◆ WHAT TO DO: Transcribe, exactly and without pictures, the lines below from the line with "Get Toned with" to the line with "2Pcs Car Window", both ends included, and no others.

◆ RECORDS:
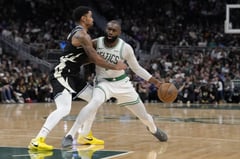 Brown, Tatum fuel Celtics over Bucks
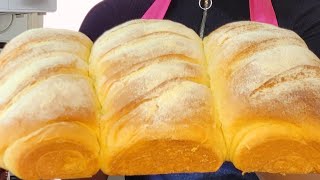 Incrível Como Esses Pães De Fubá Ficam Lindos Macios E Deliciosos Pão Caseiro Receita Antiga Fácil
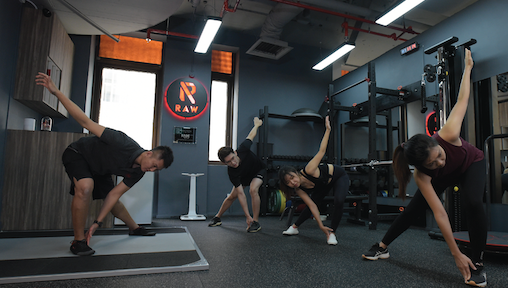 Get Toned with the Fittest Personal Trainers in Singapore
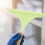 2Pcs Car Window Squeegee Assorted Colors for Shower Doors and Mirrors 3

==

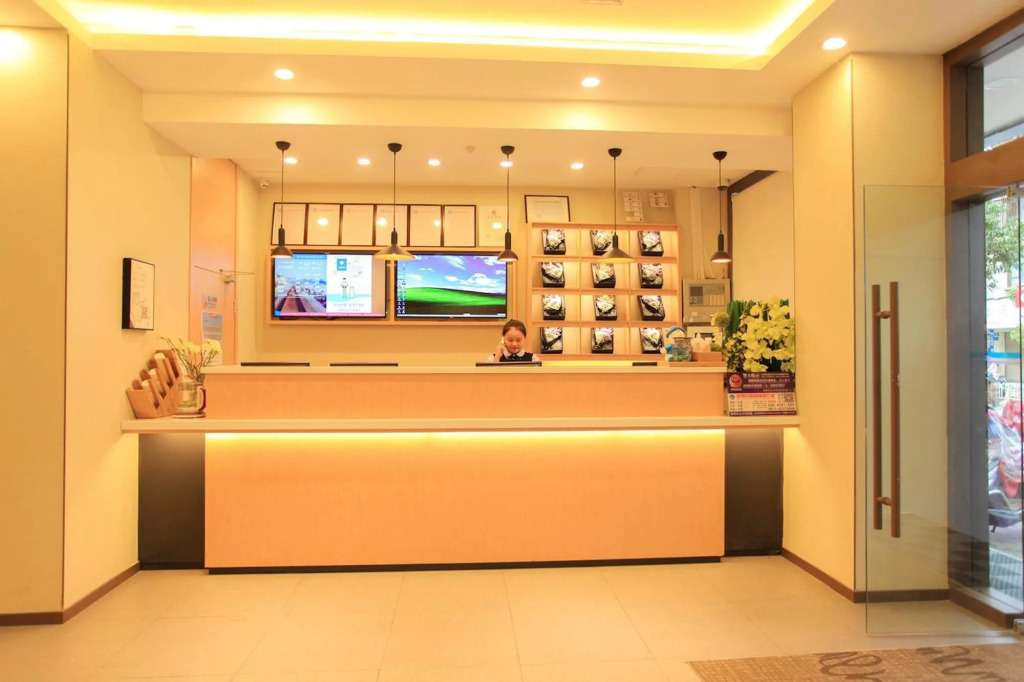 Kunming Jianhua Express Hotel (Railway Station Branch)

--

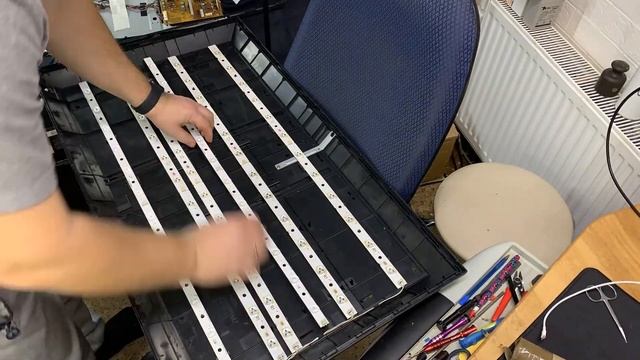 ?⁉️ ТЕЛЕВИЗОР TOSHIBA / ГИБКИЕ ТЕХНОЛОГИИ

◆ EXERCISE RESPONSE:
 Get Toned with the Fittest Personal Trainers in Singapore
 2Pcs Car Window Squeegee Assorted Colors for Shower Doors and Mirrors 3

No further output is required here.